[Short web captions]

=====

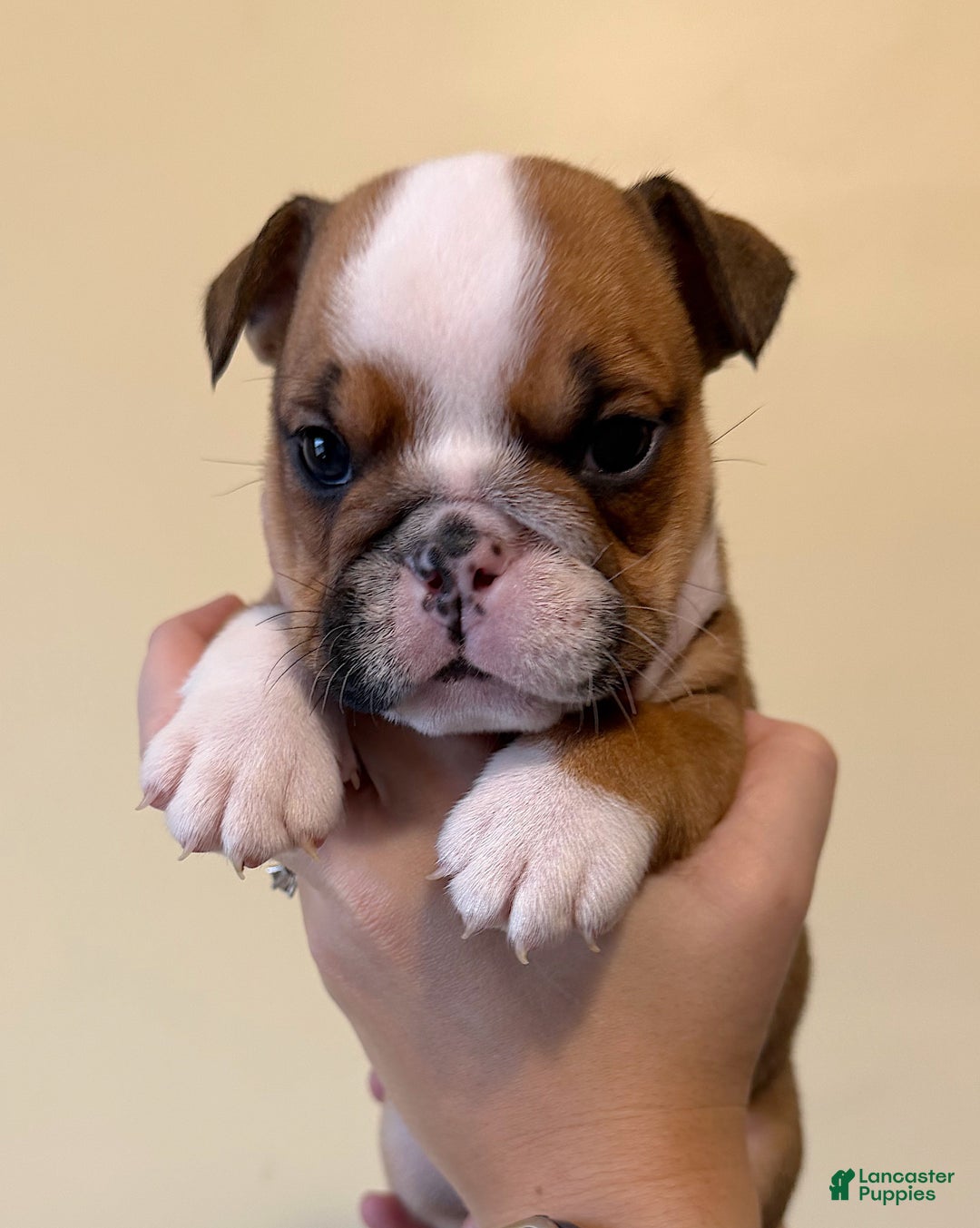 English Bulldog dogs for sale: Cookie - Ad 5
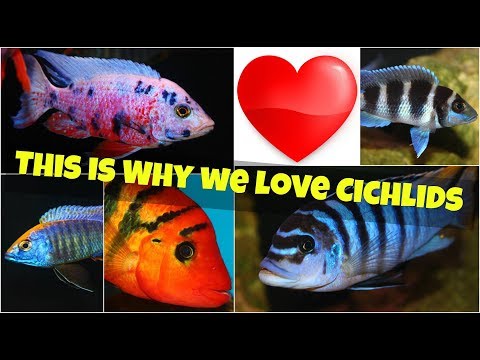 THIS IS WHY WE LOVE CICHLIDS! THE MOST POPULAR AQU Why are Cichlids so popular in the Aquarium Hobby? It's because of their color, personalities, diver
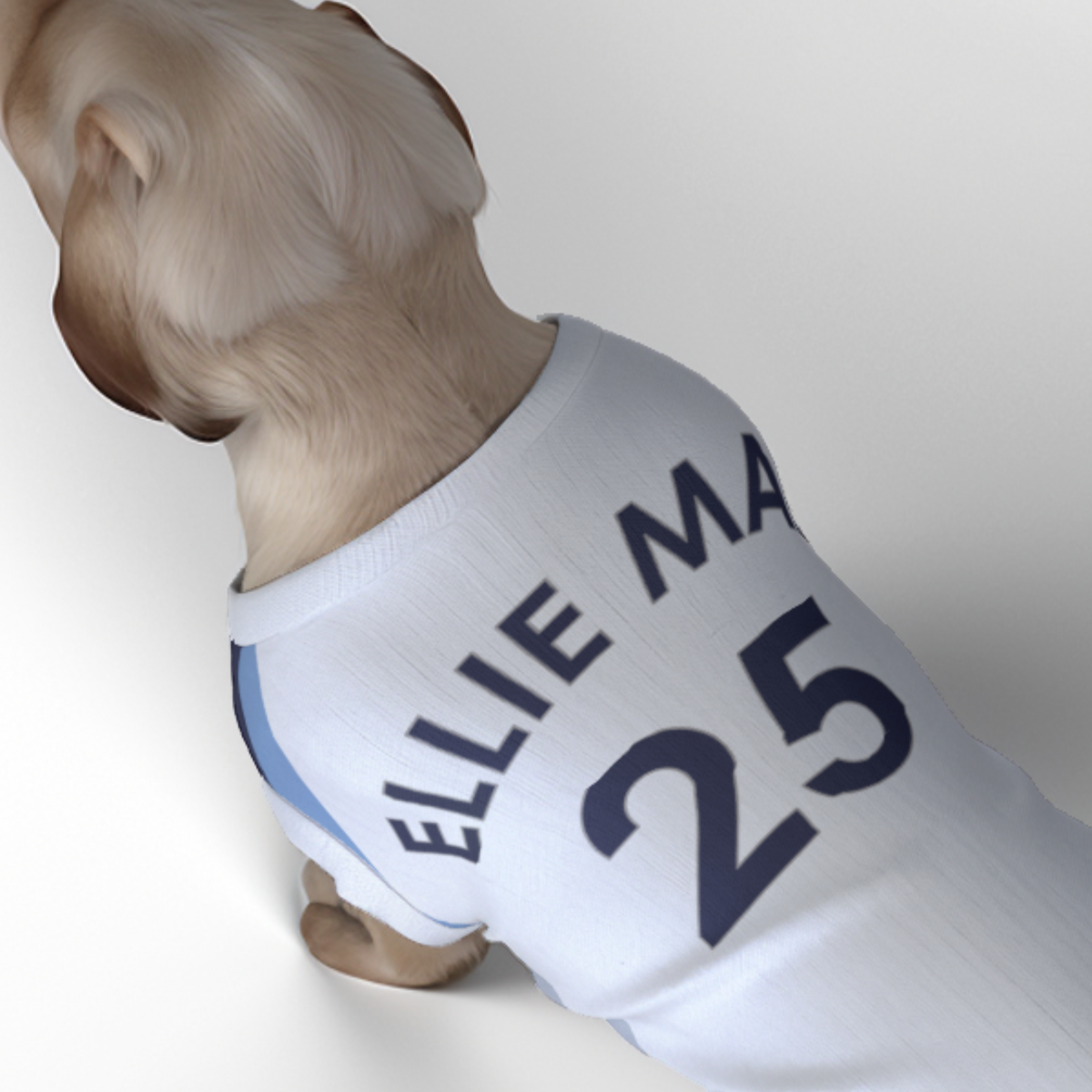 Tottenham Hotspur FC 25/26 Home Kit Inspired Personalized Tank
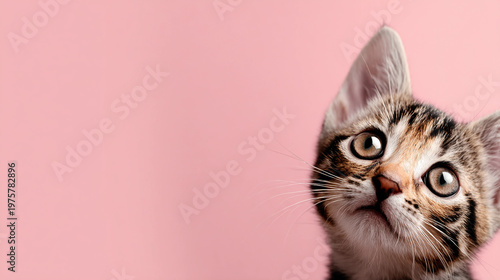 cat on a white background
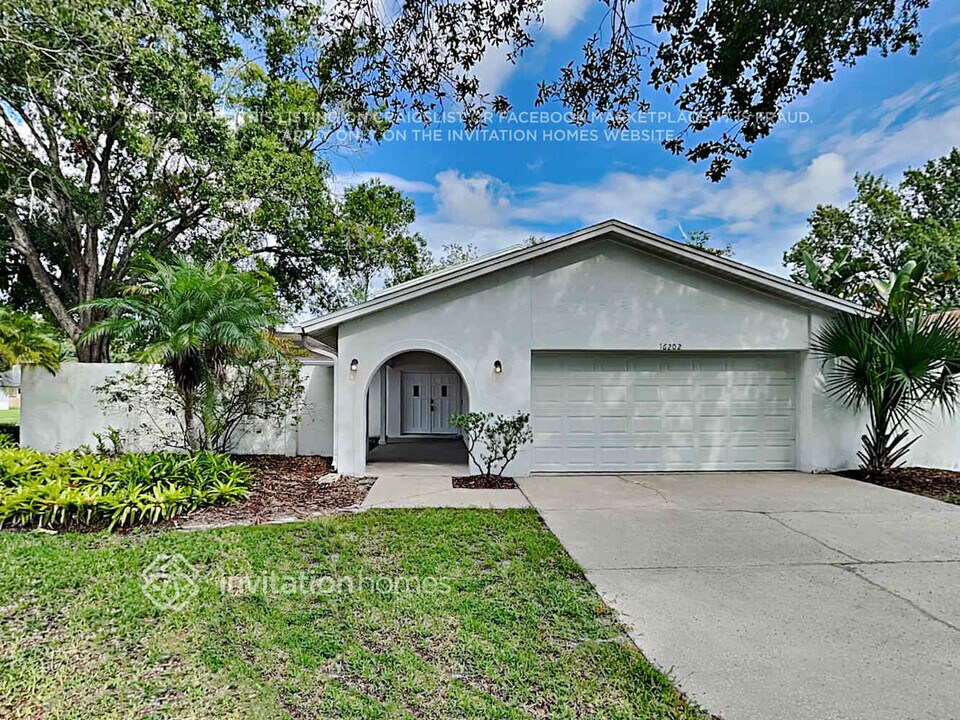 16202 Fantasia Dr in Tampa, FL - Building Photo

=====

# WHAT TO DO
Output all the records, word for word, with no pictures in the copy.

# WRITTEN SOLUTION
 English Bulldog dogs for sale: Cookie - Ad 5
 THIS IS WHY WE LOVE CICHLIDS! THE MOST POPULAR AQU Why are Cichlids so popular in the Aquarium Hobby? It's because of their color, personalities, diver
 Tottenham Hotspur FC 25/26 Home Kit Inspired Personalized Tank
 cat on a white background
 16202 Fantasia Dr in Tampa, FL - Building Photo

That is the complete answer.